Exercise materials —
* * * * * * *

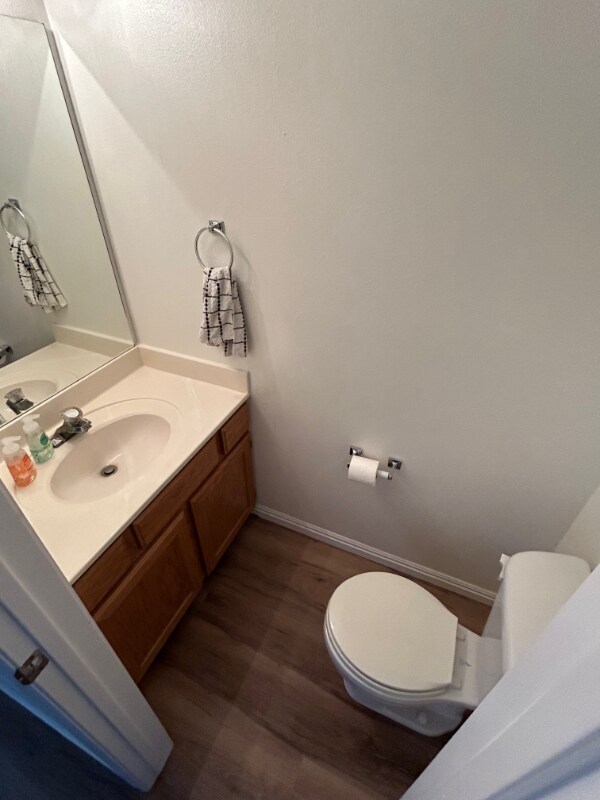 Building Photo - 439 E Parkside Cir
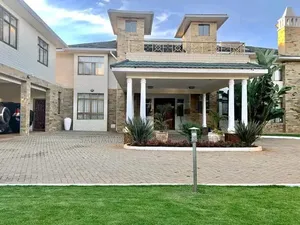 5bdrm House in Hardy for sale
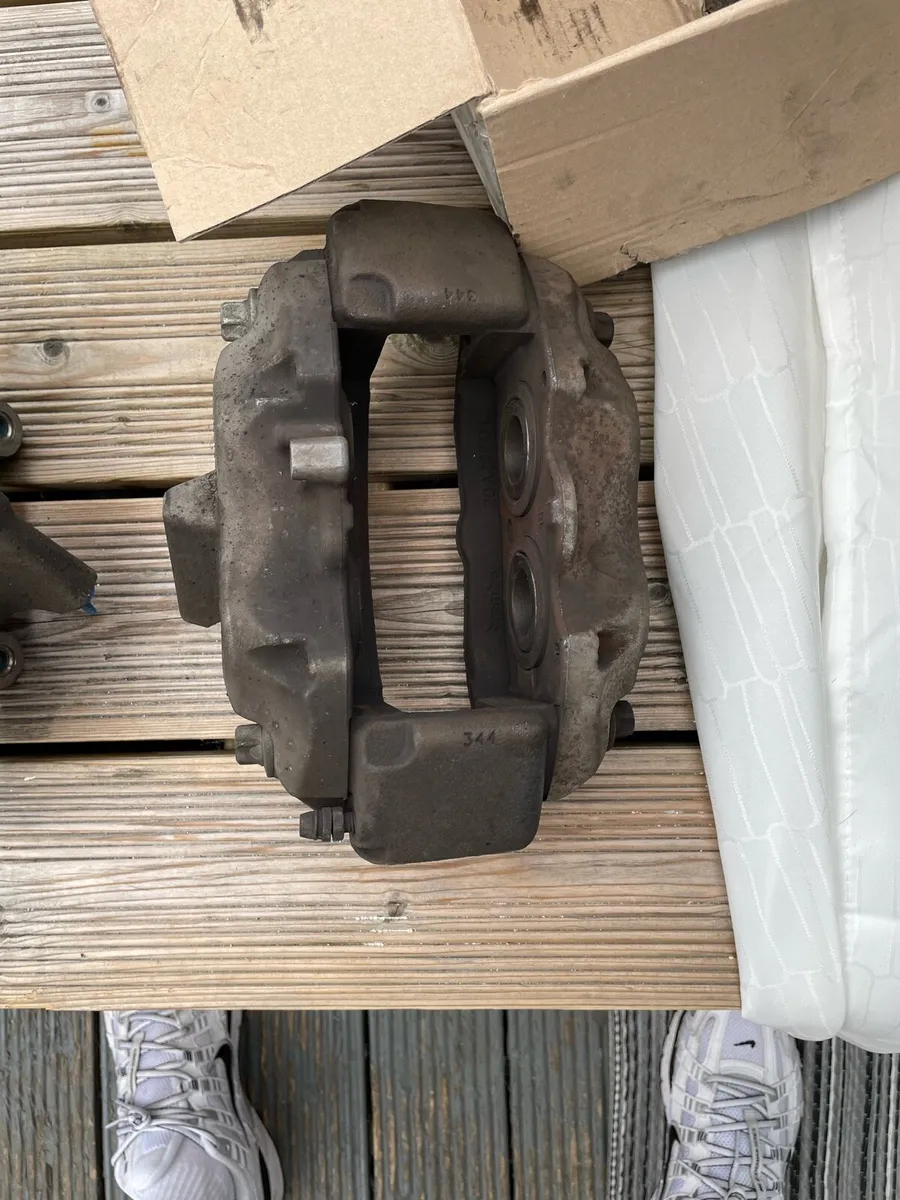 Mercedes Brake calipers A2124217898 A2124217998 - Image 3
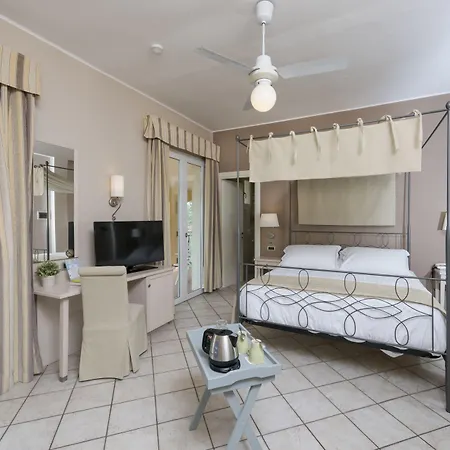 Liliana 3* Диано-Марина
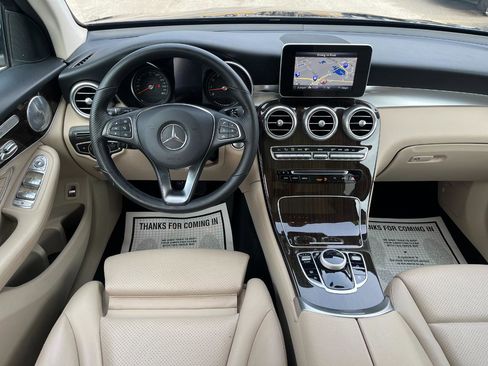 Used 2019 Mercedes-Benz GLC 300 4MATIC w/ Premium Package image 14
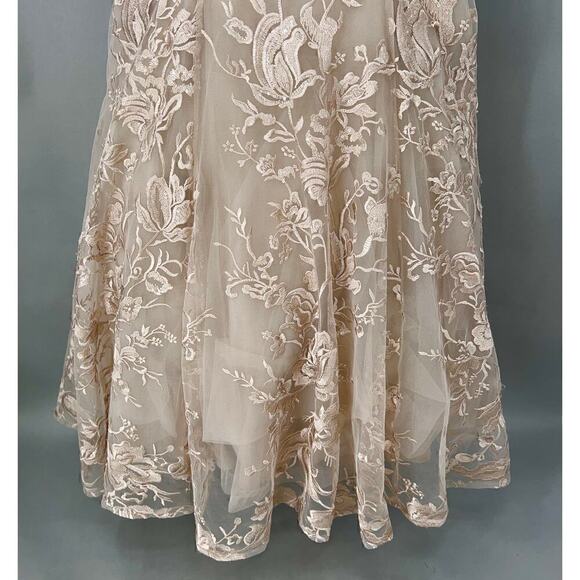 La Femme Gown Womens 10 Embroidered Off Shoulder Bridal Romantic Wedding Royal - Picture 7 of 14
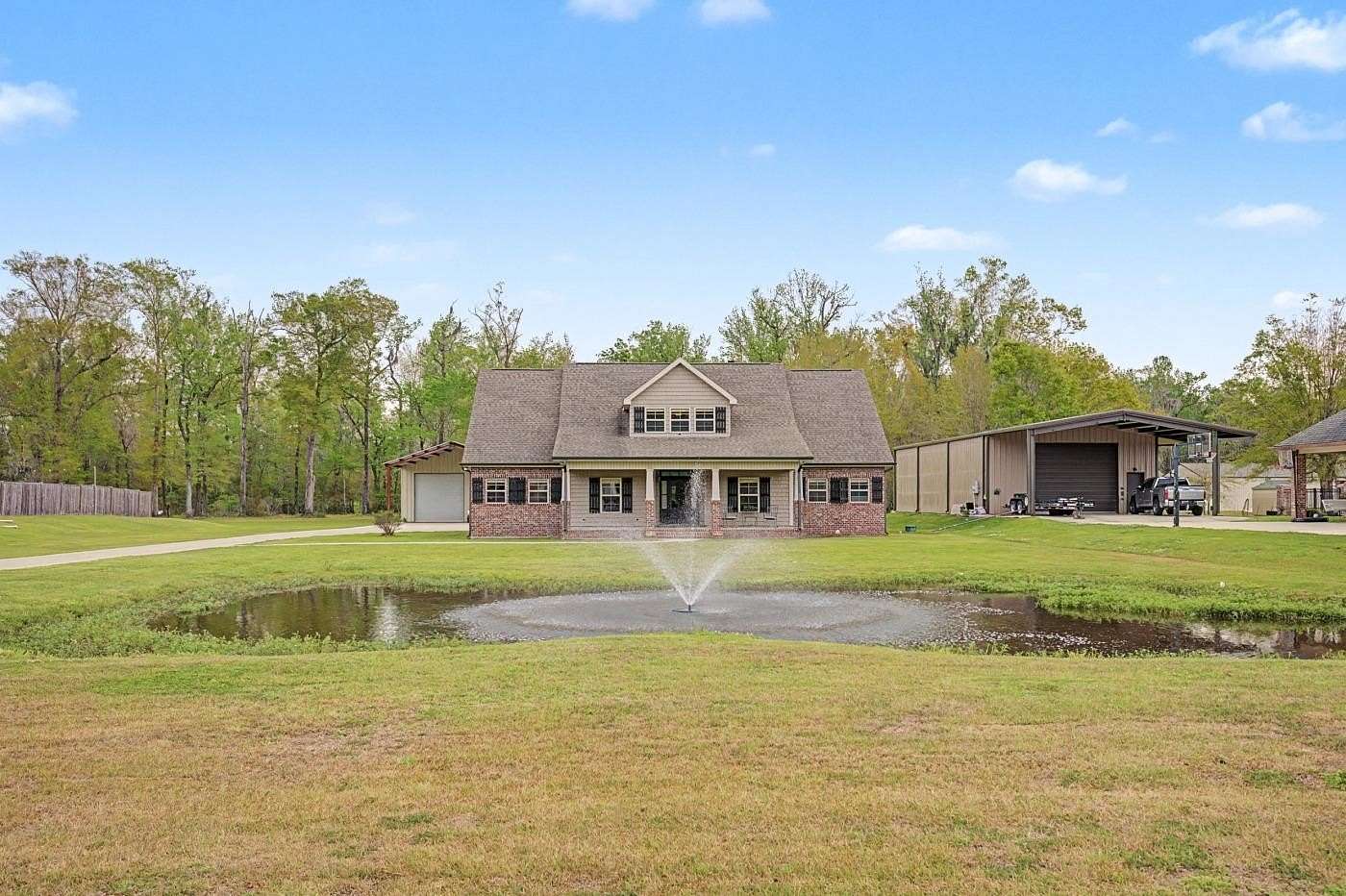 2.17 Acres of Land with Home for Sale in Thibodaux, Louisiana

* * * * * * *

Task prompt —
With the pictures omitted, print each line of the data above precisely as given.

Answer space —
 Building Photo - 439 E Parkside Cir
 5bdrm House in Hardy for sale
 Mercedes Brake calipers A2124217898 A2124217998 - Image 3
 Liliana 3* Диано-Марина
 Used 2019 Mercedes-Benz GLC 300 4MATIC w/ Premium Package image 14
 La Femme Gown Womens 10 Embroidered Off Shoulder Bridal Romantic Wedding Royal - Picture 7 of 14
 2.17 Acres of Land with Home for Sale in Thibodaux, Louisiana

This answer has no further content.